Before coming to Fulton County REMC, Garner was a plumber and then worked in a local school district and as the facility director. Though he was a member himself of the electric cooperative and had grown up receiving power from the cooperative, he wasn’t aware of the importance of the member-consumer — that cooperative difference — when he became the cooperative’s member services technician. His supervisor instilled in him the importance of the consumer. “I’m fortunate because he showed me what members were all about, and he really drove that home. That’s stuck with me since.”
When that supervisor retired in 2019, Garner moved up into his role as manager of member services. Along with taking on a supervisory role over two technicians, he was able to do what became a favorite part of his job: working with the community youth in the 4-H electric program. “Teaching those fourth-grade kids how to build a circuit board is probably my favorite thing, that interaction with kids.”

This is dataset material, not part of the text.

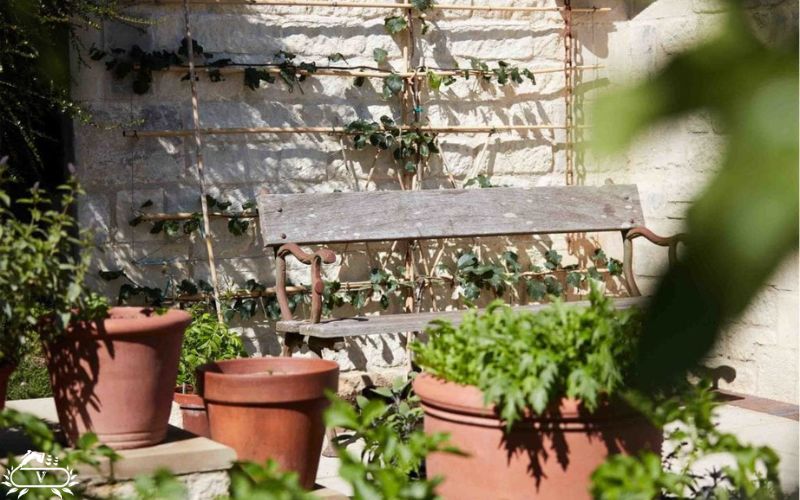 راهنمای جامع حیاط سازی شیک و تزیین حیاط اقتصادی 1 حیاط سازی شیک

Garner was elevated to the COO when the position was created in 2020 to assist a CEO nearing retirement. But while Garner was helping run the operations, he was also still working closely with the consumers. “I enjoy calls from consumers,” he said, “even if it’s a complaint. I like to try to resolve the problem. I don’t want an unhappy member.”
Garner is kind of an “old soul” when it comes to electric cooperatives because cooperative values harken back to values many other businesses today seem to have lost sight of — that is caring for the consumer and the community they serve. Garner said it’s incredibly important that cooperatives, as they grow and evolve, don’t lose sight of those original core values.
And, for a guy who’s been at a co-op for a relatively short time, he’s now sounding like most folks who’ve come to work for one. “Now that I’m in a co-op, I don’t ever see leaving a co op.”